**Exercise goal:** Below are entries; copy exactly the lines from the one with "Grimmiger Teddy mit" through the one with "Floor plan of", both included, and leave out the rest.

------

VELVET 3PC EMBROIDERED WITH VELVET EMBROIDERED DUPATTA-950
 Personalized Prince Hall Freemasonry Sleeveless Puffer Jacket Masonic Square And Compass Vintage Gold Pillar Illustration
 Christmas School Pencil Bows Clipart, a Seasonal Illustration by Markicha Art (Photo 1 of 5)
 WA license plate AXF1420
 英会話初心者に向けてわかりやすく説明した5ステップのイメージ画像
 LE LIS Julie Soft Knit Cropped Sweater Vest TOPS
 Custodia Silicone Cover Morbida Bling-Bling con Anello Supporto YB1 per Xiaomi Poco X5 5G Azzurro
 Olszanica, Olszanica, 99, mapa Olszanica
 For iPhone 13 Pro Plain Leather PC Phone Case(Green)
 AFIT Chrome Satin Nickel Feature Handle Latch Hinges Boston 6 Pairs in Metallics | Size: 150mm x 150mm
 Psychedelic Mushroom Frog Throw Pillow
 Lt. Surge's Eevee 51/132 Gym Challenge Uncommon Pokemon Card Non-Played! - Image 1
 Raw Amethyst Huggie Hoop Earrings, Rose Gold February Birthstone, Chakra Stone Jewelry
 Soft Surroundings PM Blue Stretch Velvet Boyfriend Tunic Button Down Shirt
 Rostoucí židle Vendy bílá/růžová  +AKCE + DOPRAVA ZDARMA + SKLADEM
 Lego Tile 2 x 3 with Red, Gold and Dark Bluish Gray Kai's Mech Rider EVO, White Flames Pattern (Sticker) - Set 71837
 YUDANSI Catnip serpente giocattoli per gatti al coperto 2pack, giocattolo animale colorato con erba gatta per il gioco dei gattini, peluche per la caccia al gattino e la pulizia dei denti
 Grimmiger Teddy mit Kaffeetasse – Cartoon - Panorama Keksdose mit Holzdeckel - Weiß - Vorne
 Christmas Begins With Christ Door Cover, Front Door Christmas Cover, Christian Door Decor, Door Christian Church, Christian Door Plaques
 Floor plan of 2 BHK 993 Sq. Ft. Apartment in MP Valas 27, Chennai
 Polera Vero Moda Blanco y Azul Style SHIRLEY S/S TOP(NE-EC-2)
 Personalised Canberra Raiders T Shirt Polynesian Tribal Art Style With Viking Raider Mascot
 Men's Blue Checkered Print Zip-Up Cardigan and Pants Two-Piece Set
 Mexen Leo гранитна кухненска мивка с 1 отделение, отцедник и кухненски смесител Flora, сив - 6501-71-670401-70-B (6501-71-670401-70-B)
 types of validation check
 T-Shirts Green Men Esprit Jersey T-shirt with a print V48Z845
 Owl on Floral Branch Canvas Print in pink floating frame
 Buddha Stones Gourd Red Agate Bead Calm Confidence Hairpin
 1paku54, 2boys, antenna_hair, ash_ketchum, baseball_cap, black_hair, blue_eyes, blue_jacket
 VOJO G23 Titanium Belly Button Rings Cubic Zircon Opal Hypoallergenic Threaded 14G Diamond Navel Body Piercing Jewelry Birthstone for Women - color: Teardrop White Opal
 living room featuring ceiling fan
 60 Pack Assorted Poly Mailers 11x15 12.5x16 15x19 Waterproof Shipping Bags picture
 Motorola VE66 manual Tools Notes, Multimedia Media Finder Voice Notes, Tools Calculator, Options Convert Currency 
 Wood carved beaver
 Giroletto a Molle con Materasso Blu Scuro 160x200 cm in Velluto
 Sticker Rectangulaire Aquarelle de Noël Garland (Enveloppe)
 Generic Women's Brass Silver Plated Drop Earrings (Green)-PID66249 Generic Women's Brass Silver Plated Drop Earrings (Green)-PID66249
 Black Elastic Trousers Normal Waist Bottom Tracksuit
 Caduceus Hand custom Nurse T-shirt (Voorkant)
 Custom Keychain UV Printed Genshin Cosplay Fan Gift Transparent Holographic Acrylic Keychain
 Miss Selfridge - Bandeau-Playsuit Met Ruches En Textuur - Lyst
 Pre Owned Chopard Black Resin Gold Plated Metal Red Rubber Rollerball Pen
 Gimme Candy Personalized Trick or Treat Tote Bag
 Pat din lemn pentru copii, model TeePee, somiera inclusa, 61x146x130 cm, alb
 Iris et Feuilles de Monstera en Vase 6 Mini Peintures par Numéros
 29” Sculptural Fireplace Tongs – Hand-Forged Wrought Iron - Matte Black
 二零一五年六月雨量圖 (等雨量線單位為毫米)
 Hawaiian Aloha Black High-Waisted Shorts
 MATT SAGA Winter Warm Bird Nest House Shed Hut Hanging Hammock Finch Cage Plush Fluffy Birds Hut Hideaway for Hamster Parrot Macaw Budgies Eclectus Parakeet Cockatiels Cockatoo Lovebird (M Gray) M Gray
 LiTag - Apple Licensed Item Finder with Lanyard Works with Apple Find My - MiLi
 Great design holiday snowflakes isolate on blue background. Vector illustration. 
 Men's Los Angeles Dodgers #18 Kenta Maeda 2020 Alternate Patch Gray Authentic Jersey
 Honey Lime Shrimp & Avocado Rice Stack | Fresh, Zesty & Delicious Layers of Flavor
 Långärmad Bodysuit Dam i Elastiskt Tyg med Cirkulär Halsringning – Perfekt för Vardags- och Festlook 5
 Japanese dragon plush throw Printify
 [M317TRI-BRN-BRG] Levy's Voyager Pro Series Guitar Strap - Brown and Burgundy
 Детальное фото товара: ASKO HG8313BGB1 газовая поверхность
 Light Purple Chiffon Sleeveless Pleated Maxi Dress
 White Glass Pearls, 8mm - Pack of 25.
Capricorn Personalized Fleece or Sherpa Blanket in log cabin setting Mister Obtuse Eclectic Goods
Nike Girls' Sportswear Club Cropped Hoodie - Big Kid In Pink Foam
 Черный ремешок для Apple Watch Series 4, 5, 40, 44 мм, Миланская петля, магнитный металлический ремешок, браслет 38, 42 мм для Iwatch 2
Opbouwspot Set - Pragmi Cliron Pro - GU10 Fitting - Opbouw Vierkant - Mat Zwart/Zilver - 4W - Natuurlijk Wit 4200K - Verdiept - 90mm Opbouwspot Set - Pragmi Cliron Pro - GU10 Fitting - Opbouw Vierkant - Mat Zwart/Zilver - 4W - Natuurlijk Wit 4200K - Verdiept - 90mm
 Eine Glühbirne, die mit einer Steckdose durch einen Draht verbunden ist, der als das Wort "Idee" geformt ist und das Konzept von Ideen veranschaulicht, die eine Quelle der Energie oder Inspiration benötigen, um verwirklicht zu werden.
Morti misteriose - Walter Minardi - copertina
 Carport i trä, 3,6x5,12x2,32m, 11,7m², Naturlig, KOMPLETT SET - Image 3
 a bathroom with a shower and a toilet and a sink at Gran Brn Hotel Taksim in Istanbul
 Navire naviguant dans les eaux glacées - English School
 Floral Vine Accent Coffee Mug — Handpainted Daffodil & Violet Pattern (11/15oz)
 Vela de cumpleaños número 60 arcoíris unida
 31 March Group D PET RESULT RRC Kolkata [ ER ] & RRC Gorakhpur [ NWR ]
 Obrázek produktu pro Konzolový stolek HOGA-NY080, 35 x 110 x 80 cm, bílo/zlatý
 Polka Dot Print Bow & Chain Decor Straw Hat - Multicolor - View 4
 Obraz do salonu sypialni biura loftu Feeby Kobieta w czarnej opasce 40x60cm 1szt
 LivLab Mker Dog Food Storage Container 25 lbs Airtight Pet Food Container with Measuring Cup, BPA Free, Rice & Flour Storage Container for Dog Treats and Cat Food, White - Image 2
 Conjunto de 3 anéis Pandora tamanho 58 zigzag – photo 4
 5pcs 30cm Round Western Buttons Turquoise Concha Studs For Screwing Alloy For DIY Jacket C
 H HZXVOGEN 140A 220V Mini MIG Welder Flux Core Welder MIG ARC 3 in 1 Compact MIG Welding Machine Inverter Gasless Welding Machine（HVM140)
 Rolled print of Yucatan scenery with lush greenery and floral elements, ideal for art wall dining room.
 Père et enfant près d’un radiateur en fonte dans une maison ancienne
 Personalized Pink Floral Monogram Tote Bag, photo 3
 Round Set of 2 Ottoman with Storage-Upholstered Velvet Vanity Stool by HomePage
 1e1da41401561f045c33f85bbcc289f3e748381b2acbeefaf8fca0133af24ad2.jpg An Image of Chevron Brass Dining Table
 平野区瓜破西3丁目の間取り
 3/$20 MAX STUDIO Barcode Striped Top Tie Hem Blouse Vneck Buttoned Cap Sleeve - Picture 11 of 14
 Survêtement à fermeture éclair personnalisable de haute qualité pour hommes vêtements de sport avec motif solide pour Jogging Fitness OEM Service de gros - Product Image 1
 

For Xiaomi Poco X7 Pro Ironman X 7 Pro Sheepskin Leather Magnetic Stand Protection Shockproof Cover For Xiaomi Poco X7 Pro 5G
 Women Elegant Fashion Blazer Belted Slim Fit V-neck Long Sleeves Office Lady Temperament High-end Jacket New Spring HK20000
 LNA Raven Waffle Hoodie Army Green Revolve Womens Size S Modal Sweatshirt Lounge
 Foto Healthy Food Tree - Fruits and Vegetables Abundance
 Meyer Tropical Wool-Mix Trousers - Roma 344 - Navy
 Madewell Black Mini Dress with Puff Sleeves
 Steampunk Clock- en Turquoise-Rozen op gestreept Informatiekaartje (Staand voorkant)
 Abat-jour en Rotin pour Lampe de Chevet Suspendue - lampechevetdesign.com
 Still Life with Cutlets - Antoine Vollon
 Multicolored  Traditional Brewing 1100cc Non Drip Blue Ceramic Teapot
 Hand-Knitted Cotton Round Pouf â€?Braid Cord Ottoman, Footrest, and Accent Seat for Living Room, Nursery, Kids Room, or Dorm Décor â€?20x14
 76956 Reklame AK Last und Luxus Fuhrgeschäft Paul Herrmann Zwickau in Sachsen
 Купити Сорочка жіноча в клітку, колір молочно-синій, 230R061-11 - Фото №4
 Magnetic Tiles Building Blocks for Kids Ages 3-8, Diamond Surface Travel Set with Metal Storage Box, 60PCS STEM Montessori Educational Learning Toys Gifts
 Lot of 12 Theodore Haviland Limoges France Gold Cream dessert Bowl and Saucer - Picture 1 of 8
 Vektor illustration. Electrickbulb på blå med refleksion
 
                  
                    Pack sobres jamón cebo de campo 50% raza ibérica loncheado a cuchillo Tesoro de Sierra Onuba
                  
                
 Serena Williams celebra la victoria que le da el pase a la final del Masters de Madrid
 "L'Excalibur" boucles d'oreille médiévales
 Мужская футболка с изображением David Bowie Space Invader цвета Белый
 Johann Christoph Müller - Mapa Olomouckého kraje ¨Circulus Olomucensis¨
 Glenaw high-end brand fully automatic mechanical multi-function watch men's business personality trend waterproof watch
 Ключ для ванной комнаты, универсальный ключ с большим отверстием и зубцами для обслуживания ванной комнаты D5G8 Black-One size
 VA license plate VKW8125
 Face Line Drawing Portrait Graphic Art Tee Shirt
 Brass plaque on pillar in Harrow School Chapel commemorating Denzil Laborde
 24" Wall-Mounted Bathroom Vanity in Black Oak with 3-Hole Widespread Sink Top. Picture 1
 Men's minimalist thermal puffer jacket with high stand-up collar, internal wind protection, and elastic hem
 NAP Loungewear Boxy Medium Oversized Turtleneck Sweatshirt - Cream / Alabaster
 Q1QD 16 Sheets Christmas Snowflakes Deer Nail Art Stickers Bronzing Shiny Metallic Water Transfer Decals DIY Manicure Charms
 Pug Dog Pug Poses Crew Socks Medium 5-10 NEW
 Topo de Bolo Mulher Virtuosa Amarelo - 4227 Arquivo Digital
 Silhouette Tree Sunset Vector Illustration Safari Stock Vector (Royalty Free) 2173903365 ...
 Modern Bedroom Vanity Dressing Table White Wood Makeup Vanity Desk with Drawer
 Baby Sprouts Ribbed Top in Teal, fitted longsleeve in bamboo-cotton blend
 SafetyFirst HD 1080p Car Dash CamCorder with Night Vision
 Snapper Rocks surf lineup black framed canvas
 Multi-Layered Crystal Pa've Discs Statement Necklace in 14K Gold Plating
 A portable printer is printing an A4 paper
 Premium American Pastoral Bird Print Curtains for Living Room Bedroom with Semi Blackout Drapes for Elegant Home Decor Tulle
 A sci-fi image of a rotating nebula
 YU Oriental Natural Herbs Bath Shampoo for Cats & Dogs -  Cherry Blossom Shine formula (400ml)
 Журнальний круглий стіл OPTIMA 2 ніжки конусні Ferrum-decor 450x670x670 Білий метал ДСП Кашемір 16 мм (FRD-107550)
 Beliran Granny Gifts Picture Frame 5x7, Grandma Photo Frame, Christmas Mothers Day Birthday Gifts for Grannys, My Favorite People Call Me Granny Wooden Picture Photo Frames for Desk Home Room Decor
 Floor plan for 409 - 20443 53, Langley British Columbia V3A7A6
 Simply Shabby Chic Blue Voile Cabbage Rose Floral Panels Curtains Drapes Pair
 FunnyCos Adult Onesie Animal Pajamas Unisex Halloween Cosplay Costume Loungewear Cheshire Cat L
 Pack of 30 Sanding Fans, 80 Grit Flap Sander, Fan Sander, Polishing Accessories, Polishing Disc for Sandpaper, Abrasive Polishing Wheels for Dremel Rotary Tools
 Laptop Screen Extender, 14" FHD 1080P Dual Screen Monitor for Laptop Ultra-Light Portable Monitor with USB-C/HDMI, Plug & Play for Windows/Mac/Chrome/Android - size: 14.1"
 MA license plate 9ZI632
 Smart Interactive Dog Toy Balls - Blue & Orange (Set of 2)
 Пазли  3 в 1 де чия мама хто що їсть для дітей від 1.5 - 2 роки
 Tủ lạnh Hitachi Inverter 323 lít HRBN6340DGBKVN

------

**Exercise output:**
 Grimmiger Teddy mit Kaffeetasse – Cartoon - Panorama Keksdose mit Holzdeckel - Weiß - Vorne
 Christmas Begins With Christ Door Cover, Front Door Christmas Cover, Christian Door Decor, Door Christian Church, Christian Door Plaques
 Floor plan of 2 BHK 993 Sq. Ft. Apartment in MP Valas 27, Chennai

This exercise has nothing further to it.